Extracted records
****************************************

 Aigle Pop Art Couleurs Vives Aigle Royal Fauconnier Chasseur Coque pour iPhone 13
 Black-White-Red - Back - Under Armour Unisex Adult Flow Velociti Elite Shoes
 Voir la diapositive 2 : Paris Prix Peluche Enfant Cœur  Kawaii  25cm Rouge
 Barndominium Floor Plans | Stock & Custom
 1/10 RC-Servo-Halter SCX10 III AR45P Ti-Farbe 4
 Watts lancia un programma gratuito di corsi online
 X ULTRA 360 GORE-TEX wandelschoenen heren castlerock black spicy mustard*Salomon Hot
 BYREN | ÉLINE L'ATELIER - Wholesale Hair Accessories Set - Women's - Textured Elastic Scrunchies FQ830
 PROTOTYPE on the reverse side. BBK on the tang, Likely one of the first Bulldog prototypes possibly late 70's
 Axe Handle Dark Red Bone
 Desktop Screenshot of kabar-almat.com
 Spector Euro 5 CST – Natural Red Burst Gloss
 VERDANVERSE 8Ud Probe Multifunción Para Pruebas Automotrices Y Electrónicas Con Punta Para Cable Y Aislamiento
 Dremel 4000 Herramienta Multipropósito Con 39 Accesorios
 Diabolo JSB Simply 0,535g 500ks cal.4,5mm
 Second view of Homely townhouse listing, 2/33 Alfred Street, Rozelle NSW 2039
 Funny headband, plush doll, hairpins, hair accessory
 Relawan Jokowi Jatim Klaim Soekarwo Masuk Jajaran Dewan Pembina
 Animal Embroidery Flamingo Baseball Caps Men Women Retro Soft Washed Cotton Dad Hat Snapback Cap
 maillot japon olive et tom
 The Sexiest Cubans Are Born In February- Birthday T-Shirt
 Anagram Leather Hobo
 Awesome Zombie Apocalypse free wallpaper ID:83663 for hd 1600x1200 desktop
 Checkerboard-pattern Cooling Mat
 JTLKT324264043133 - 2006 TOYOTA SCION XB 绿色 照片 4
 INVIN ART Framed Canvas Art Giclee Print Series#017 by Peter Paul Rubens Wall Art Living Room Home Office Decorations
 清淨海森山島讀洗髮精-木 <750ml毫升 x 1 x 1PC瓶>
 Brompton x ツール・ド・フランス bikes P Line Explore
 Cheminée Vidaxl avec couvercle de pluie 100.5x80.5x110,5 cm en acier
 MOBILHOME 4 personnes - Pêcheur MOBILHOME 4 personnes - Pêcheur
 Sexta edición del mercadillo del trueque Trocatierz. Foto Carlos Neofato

****************************************

◆ **EXERCISE**
Among the records above, a stretch begins at the line containing "Spector Euro 5 CST – Natural Red Burst Gloss" and ends at the line containing "Funny headband, plush". Restate that stretch word for word, and nothing else.

◆ **YOUR SOLUTION**
 Spector Euro 5 CST – Natural Red Burst Gloss
 VERDANVERSE 8Ud Probe Multifunción Para Pruebas Automotrices Y Electrónicas Con Punta Para Cable Y Aislamiento
 Dremel 4000 Herramienta Multipropósito Con 39 Accesorios
 Diabolo JSB Simply 0,535g 500ks cal.4,5mm
 Second view of Homely townhouse listing, 2/33 Alfred Street, Rozelle NSW 2039
 Funny headband, plush doll, hairpins, hair accessory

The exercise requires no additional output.